Parsing unstructured Text in Camel

classic Classic list List threaded Threaded
14 messages Options
Reply | Threaded
Open this post in threaded view
|

Parsing unstructured Text in Camel

Jan Bernhardt
Hi Camel Users,


is there any component which helps me to parse plain text? Not JSON, XML or CSV.


My use case is that I receive an E-Mail with multiple keywords in the Subject as well as in the body.

I could not find any component that would help me to parse certain values from my multiline plaintext.


I need something like freemarker but the other way around. Getting the fulltext and parsing certain values from this text (for example with regex).

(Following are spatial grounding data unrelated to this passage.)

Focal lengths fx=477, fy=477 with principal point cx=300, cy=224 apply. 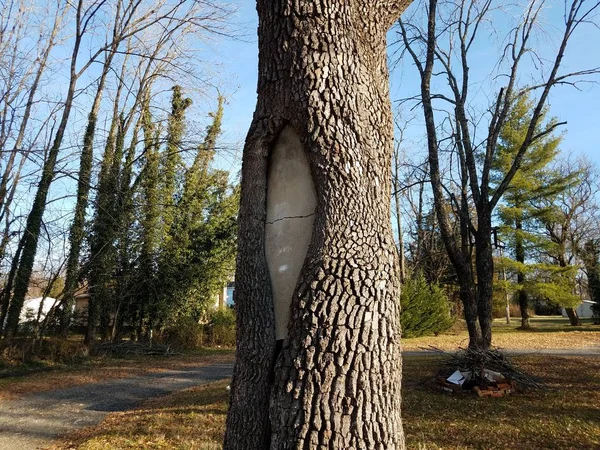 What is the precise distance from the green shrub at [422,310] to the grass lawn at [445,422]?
Answer: 13248 mm

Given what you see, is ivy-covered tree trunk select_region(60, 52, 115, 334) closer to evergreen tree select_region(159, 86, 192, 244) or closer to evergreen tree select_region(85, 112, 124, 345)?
evergreen tree select_region(85, 112, 124, 345)

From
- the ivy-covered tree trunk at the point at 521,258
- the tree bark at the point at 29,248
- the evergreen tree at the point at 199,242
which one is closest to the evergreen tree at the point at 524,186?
the ivy-covered tree trunk at the point at 521,258

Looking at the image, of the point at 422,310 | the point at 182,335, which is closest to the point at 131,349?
the point at 182,335

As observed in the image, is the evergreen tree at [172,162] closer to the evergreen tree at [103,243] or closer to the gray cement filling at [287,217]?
the evergreen tree at [103,243]

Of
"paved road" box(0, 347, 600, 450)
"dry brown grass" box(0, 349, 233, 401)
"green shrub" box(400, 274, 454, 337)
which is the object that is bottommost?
"paved road" box(0, 347, 600, 450)

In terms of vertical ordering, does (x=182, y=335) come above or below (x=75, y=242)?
below

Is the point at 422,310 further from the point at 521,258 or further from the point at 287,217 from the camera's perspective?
the point at 287,217

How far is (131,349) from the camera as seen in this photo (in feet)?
54.6

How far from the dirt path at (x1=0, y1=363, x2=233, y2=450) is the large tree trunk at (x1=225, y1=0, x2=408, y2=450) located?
5.03 metres

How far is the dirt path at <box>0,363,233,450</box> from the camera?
6559 mm

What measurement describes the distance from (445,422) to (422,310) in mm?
17341

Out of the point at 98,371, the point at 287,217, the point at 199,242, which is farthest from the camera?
the point at 199,242

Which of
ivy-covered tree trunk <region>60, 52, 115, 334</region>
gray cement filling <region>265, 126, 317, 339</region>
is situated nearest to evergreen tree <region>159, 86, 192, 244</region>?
ivy-covered tree trunk <region>60, 52, 115, 334</region>

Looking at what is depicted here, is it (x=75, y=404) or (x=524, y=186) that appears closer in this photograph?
(x=75, y=404) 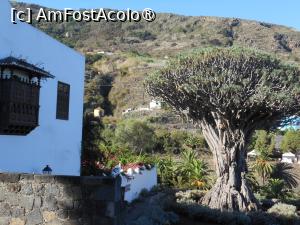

Any help would be much appreciated.


Many thanks

Jan
Reply | Threaded
Open this post in threaded view
|

Re: Parsing unstructured Text in Camel

Jean-Baptiste Onofré
Hi Jan

You can always use a custom processor for that.

Regards
JB⁣​

On Nov 25, 2016, 08:16, at 08:16, Jan Bernhardt <[hidden email]> wrote:

>Hi Camel Users,
>
>
>is there any component which helps me to parse plain text? Not JSON,
>XML or CSV.
>
>
>My use case is that I receive an E-Mail with multiple keywords in the
>Subject as well as in the body.
>
>I could not find any component that would help me to parse certain
>values from my multiline plaintext.
>
>
>I need something like freemarker but the other way around. Getting the
>fulltext and parsing certain values from this text (for example with
>regex).
>
>
>Any help would be much appreciated.
>
>
>Many thanks
>
>Jan
Reply | Threaded
Open this post in threaded view
|

AW: Parsing unstructured Text in Camel

Jan Matèrne (jhm)
In reply to this post by Jan Bernhardt
I dont think that there is such a component.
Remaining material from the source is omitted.